■ **AIM OF THE EXERCISE**
Print exactly what appears from the line containing "Analyse détaillée des" through the final line of the data below, pictures excluded.

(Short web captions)
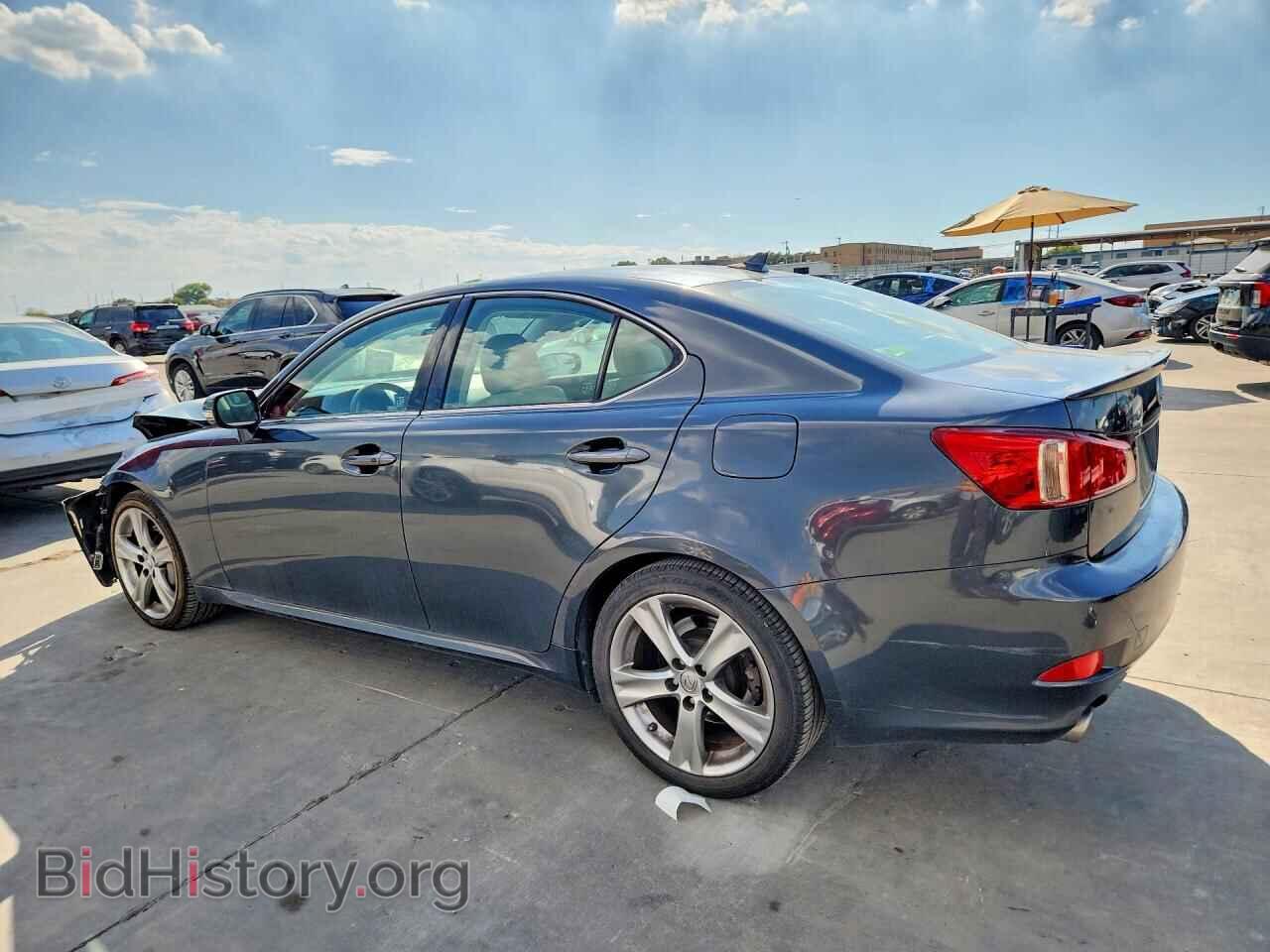 2011 LEXUS IS - VIN: JTHBE5C21B5027359 - Фото 2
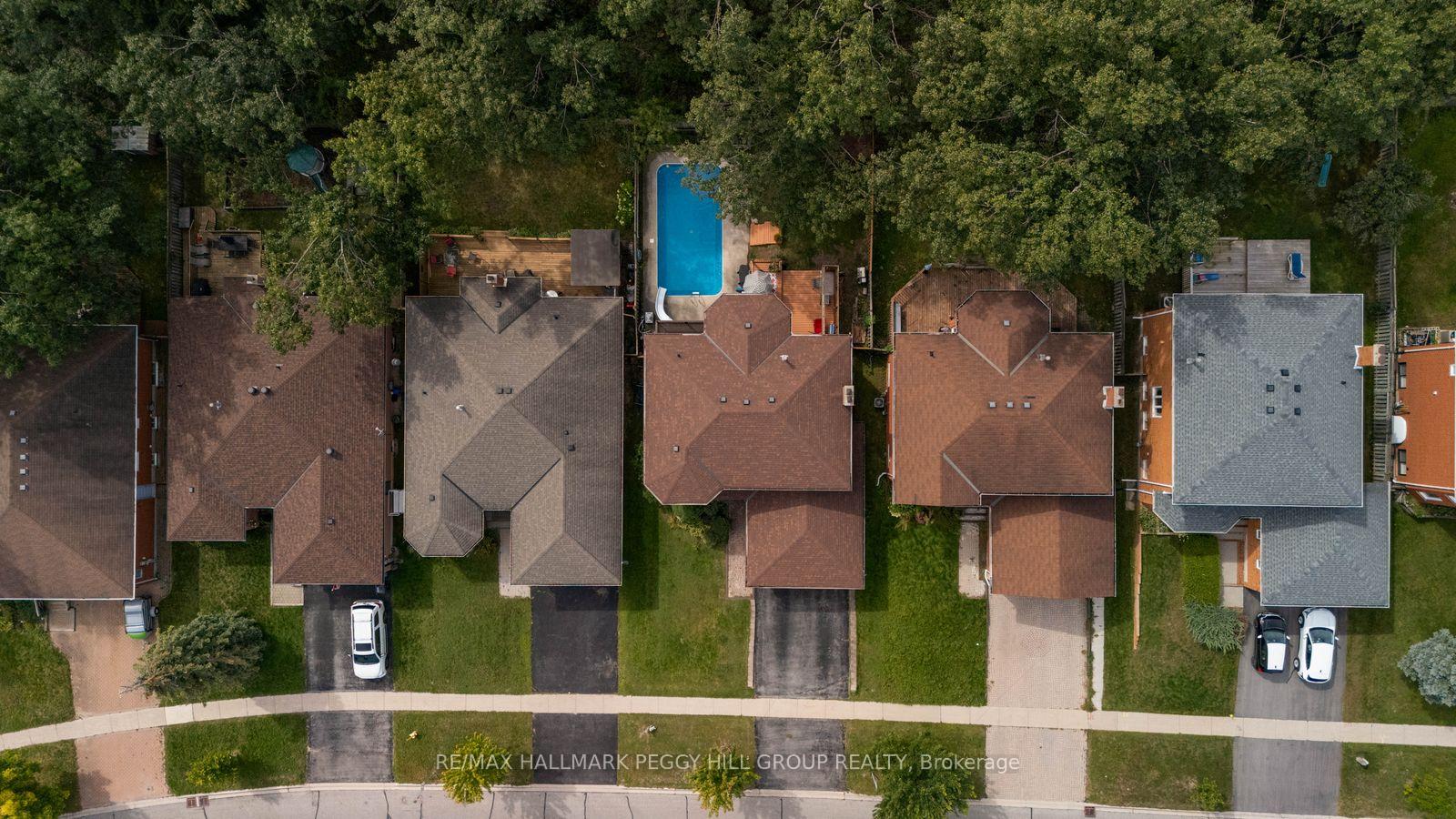 Photo 23 of 320 Leacock Drive, Barrie, Letitia Heights — HOMEH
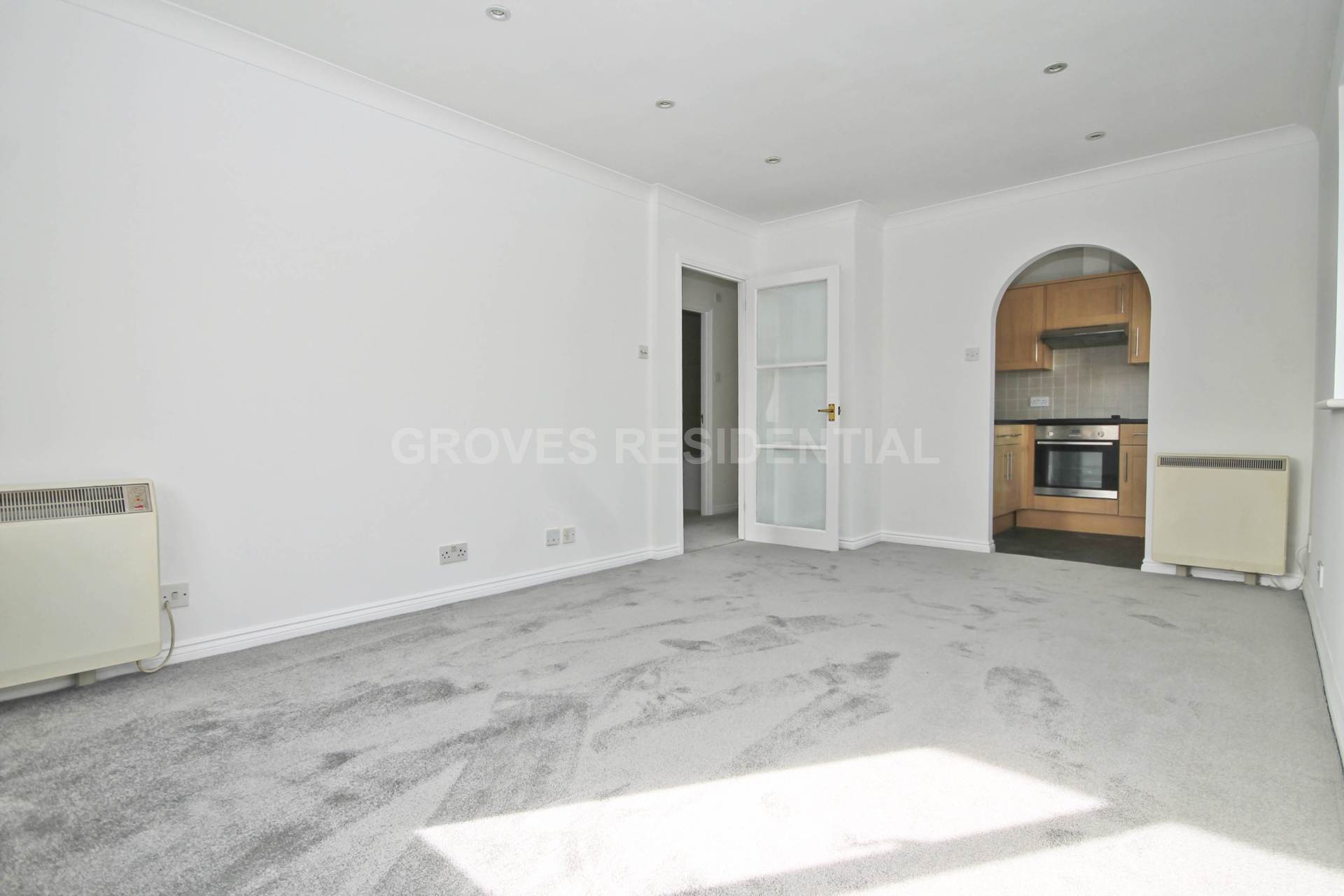 Holmwood Court, New Malden, Image 3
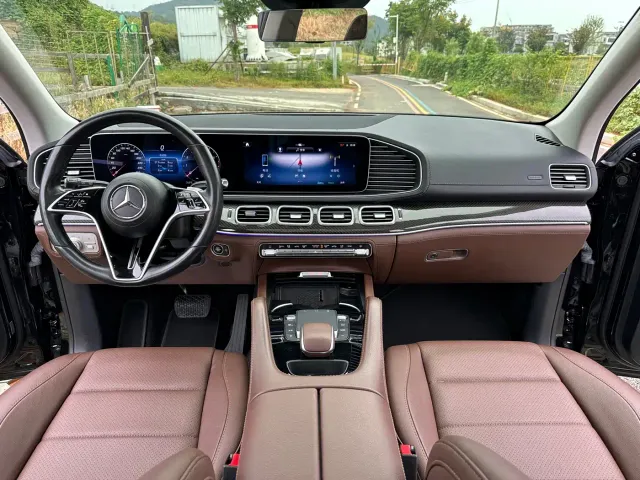 Mercedes-Benz GLE-Class — Фото автомобиля 10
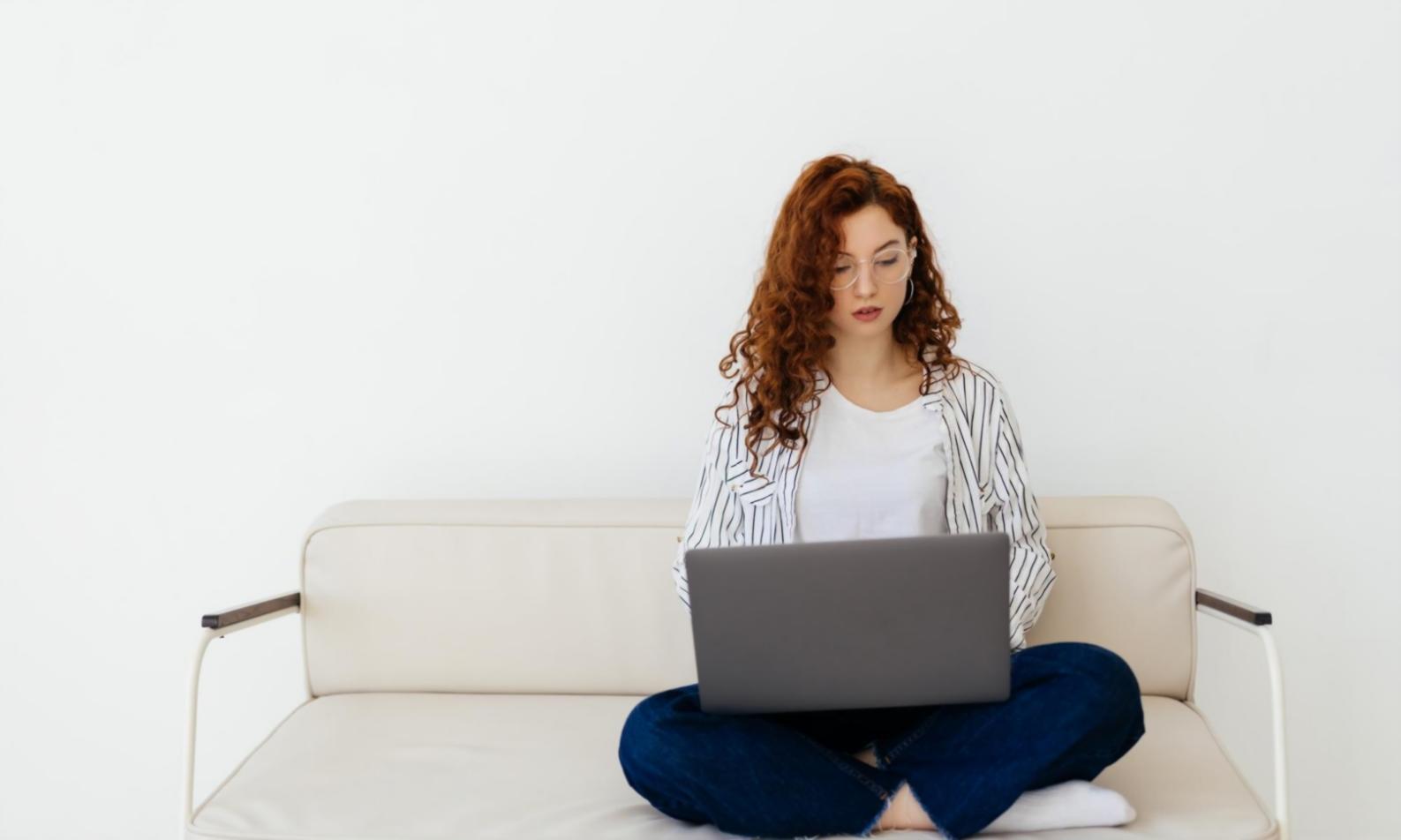 Analyse détaillée des données financières sur plusieurs écrans avec graphiques comparatifs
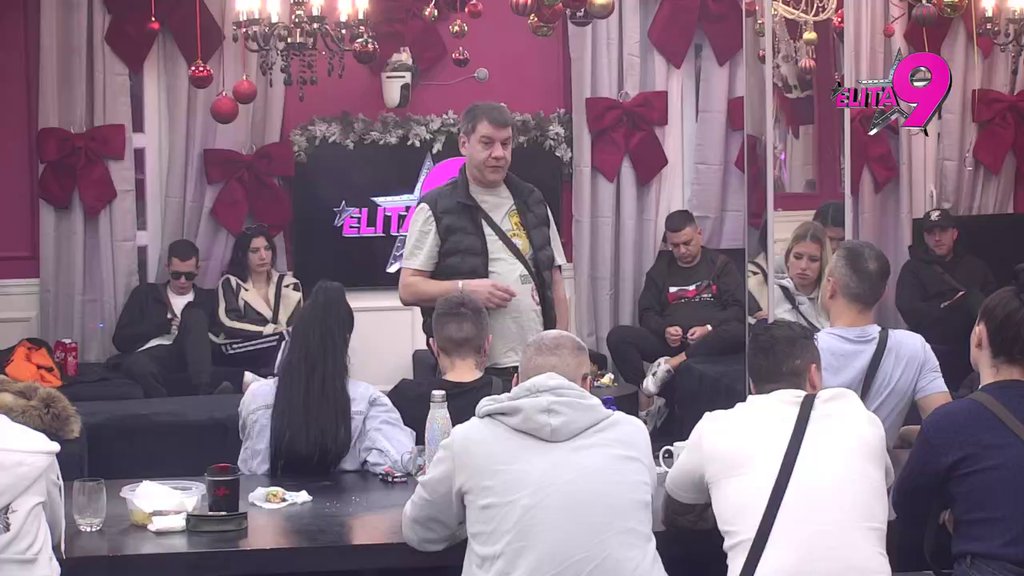 Dan sa njom mi je lepši nego mesec i po dana sa Aneli: Luka na stubu srama zbog izdaje Đukića i veze sa Anitom, on šokirao priznanjem (VIDEO)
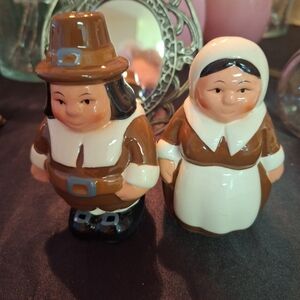Pilgrim couple salt and pepper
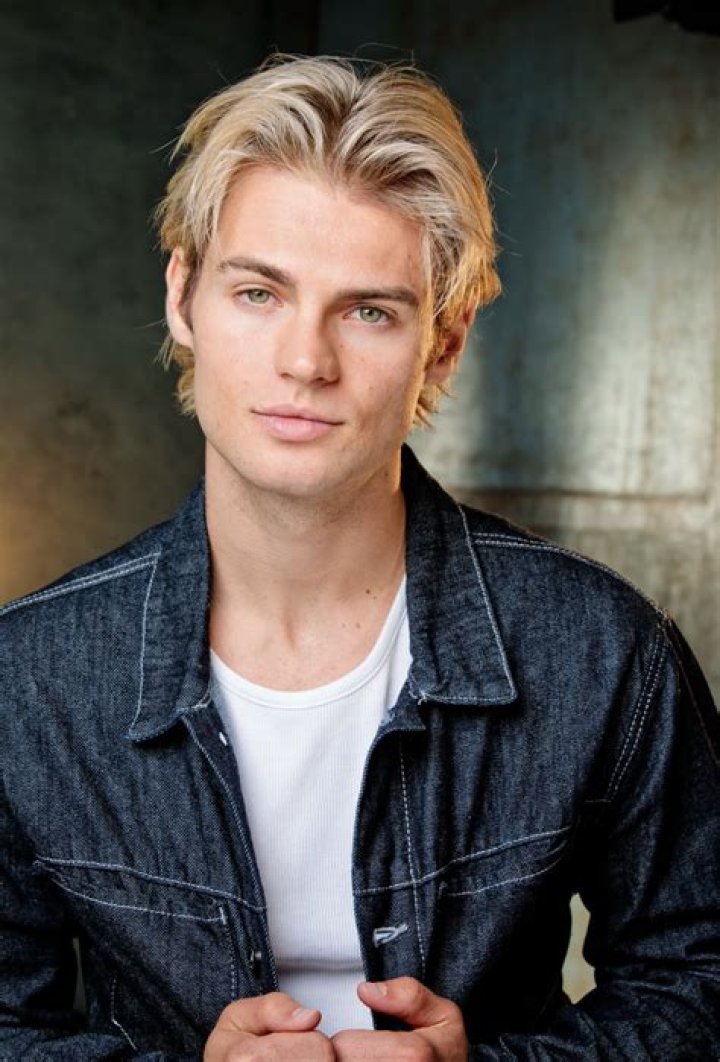 Is Noah LaLonde Single? Unpacking the Buzz Around the Star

■ **THE ANSWER**
 Analyse détaillée des données financières sur plusieurs écrans avec graphiques comparatifs
 Dan sa njom mi je lepši nego mesec i po dana sa Aneli: Luka na stubu srama zbog izdaje Đukića i veze sa Anitom, on šokirao priznanjem (VIDEO)
Pilgrim couple salt and pepper
 Is Noah LaLonde Single? Unpacking the Buzz Around the Star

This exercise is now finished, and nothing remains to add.